Quand il s’agit d’un homme comme Hugo, c’est-à-dire d’un génie hors ligne, qui a déjà joué et qui jouera encore un si grand rôle dans l’histoire littéraire et politique de son pays, c’est un devoir pour qui le connaît de mettre sous les yeux des contemporains et de l’avenir ces jeux d’ombre et de lumière qui ont fait le caractère de l’homme et le génie du poëte.

Le génie du poëte, nous l’espérons, ressortira tout entier de notre récit ; le caractère de l’homme ressort de lui-même, de la conduite tenue, des faits accomplis.

Ce n’était point à Naples qu’était préparé le logement de madame Hugo et de ses fils ; c’était à Avellino, capitale de la province dont le colonel Hugo avait été nommé gouverneur.

Ce logement était un palais, et même un palais de marbre, comme la plupart des palais de ce pays, où le marbre est plus commun que la pierre ; seulement, ce palais présentait une singularité étrange qui ne pouvait ni échapper à l’œil d’un enfant, ni sortir de sa mémoire.

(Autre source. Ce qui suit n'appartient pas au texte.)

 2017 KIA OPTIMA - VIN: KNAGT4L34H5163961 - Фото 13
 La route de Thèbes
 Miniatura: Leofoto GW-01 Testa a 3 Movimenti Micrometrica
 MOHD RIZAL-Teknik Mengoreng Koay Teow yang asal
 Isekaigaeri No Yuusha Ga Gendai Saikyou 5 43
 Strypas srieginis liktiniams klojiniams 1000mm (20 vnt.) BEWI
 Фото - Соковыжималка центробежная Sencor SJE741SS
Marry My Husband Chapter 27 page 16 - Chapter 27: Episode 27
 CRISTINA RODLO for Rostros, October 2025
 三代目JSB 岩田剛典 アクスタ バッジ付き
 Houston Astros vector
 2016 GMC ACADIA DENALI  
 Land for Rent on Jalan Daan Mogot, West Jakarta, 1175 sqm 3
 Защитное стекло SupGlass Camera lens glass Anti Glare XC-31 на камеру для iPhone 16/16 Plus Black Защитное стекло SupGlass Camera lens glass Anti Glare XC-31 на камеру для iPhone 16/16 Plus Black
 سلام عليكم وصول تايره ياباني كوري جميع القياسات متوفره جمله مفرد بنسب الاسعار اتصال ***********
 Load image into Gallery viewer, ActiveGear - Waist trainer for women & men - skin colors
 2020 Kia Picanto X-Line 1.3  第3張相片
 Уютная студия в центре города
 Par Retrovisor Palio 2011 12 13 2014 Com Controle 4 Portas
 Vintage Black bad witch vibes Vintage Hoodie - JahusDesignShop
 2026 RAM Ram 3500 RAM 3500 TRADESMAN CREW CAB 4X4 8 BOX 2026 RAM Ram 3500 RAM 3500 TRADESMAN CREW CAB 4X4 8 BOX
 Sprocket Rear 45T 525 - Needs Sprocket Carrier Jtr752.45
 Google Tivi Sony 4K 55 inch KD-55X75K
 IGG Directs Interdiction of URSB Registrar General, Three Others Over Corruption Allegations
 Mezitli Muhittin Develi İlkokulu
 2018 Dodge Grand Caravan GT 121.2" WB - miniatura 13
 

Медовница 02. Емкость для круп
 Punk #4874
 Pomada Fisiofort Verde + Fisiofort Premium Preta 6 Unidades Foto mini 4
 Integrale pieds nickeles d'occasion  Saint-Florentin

Un de ces tremblements de terre si habituels dans la péninsule italienne venait de secouer la Calabre de fond en comble ; le palais de marbre d’Avellino avait été ébranlé comme les autres bâtiments ; toutefois, plus solide qu’eux sur sa base, après avoir tremblé, oscillé, menacé un instant, il était resté debout, mais lézardé des combles à ses fondations.

La lézarde passait en diagonale à travers la muraille de la chambre de Victor ; de sorte qu’il voyait à peu près aussi clairement — quoique d’une façon plus originale — la campagne à travers cette lézarde qu’à travers la fenêtre.

Le palais était bâti sur une espèce de précipice tout garni de gigantesques noisetiers, produisant ces énormes noisettes nommées avelines, du nom du pays d’où on les tire.